Solved – Elbow criteria to determine number of cluster

clusteringk-means

It is mentioned here that one of the methods to determine the optimal number of clusters in a data-set is the "elbow method". Here the percentage of variance is calculated as the ratio of the between-group variance to the total variance.

I felt difficult in understanding this calculation. Can any one explain how to calculate the percentage of variance for a data-set represented as feature matrix $F \in \mathbf{R}^{m \times n}$, where $m$ is the feature dimension and $n$ is the number of data points. I use the k-means algorithm for clustering.

Best Answer

The idea underlying the k-means algorithm is to try to find clusters that minimize the within-cluster variance (or up to a constant the corresponding sum of squares or SS), which amounts to maximize the between-cluster SS because the total variance is fixed. As mentioned on the wiki, you can directly use the within SS and look at its variation when increasing the number of clusters (like we would do in Factor Analysis with a screeplot): an abrupt change in how SS evolve is suggestive of an optimal solution, although this merely stands from visual appreciation.
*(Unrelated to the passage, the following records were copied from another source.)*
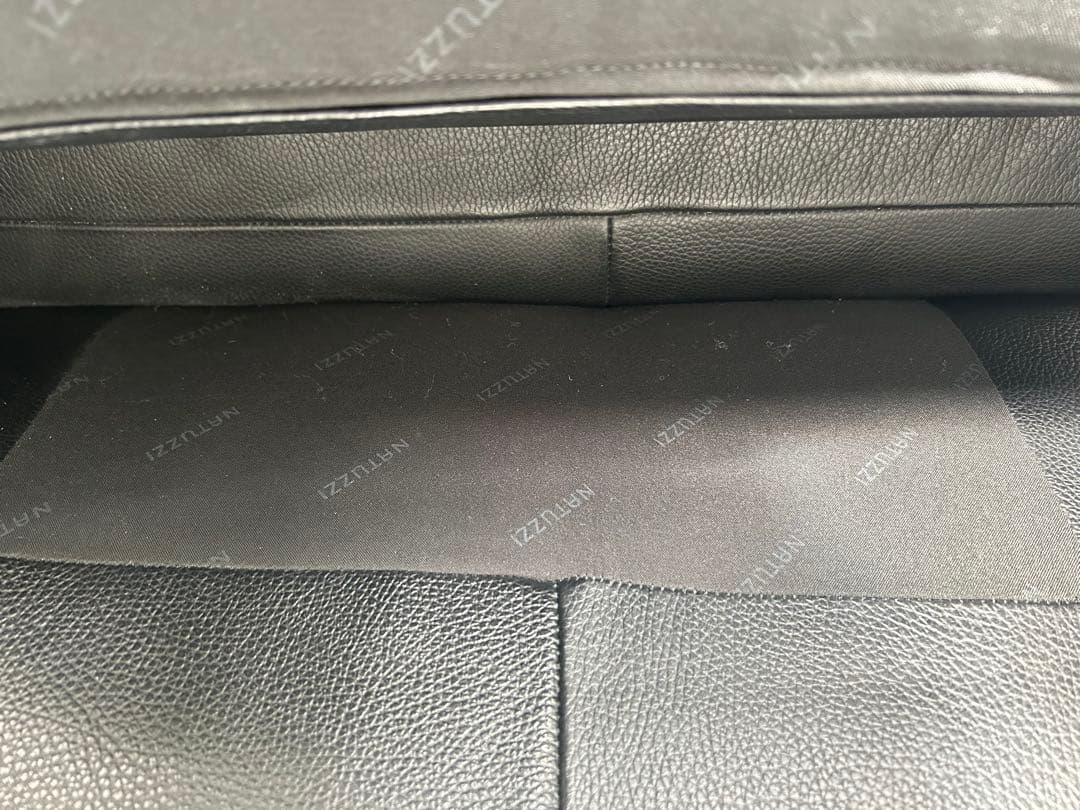 Natuzzi ナツッジ　レザーソファ 黒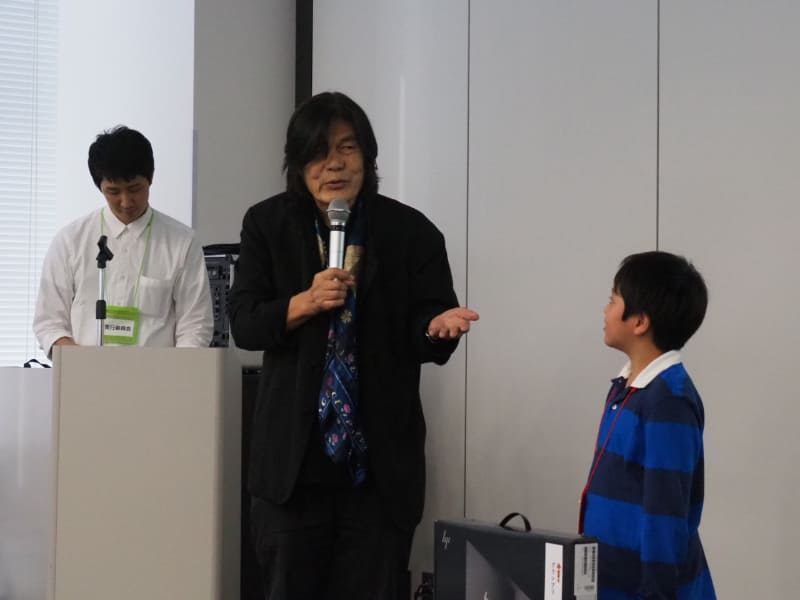 審査委員長の河口洋一郎氏は、「開発にあたって現地まで出向いて取材したことは素晴らしい」と高く評価した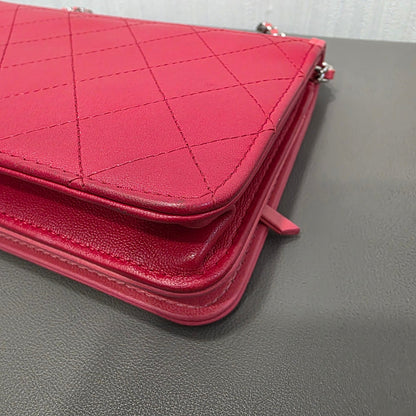 Chanel Quilted Leather Wallet on Chain (Pre-Owned)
As the total variance is fixed, it is equivalent to study how the ratio of the between and total SS, also called the percentage of variance explained, evolves, because in this the case it will present a large gap from one k to the next k+1. (Note that the between/within ratio is not distributed as an F-distribution because k is not fixed; so, test are meaningless.)

In sum, you just have to compute the squared distance between each data point and their respective center (or centroid), for each cluster--this gives you the within SS, and the total within SS is just the sum of the cluster-specific WSS (transforming them to variance is just a matter of dividing by the corresponding degrees of freedom); the between SS is obtained by substracting the total WSS from the total SS, the latter being obtained by considering k=1 for example.

By the way, with k=1, WSS=TSS and BSS=0.

If you're after determining the number of clusters or where to stop with the k-means, you might consider the Gap statistic as an alternative to the elbow criteria:

Tibshirani, R., Walther, G., and Hastie, T. (2001). Estimating the numbers of clusters in a data set via the gap statistic. J. R. Statist. Soc. B, 63(2): 411-423.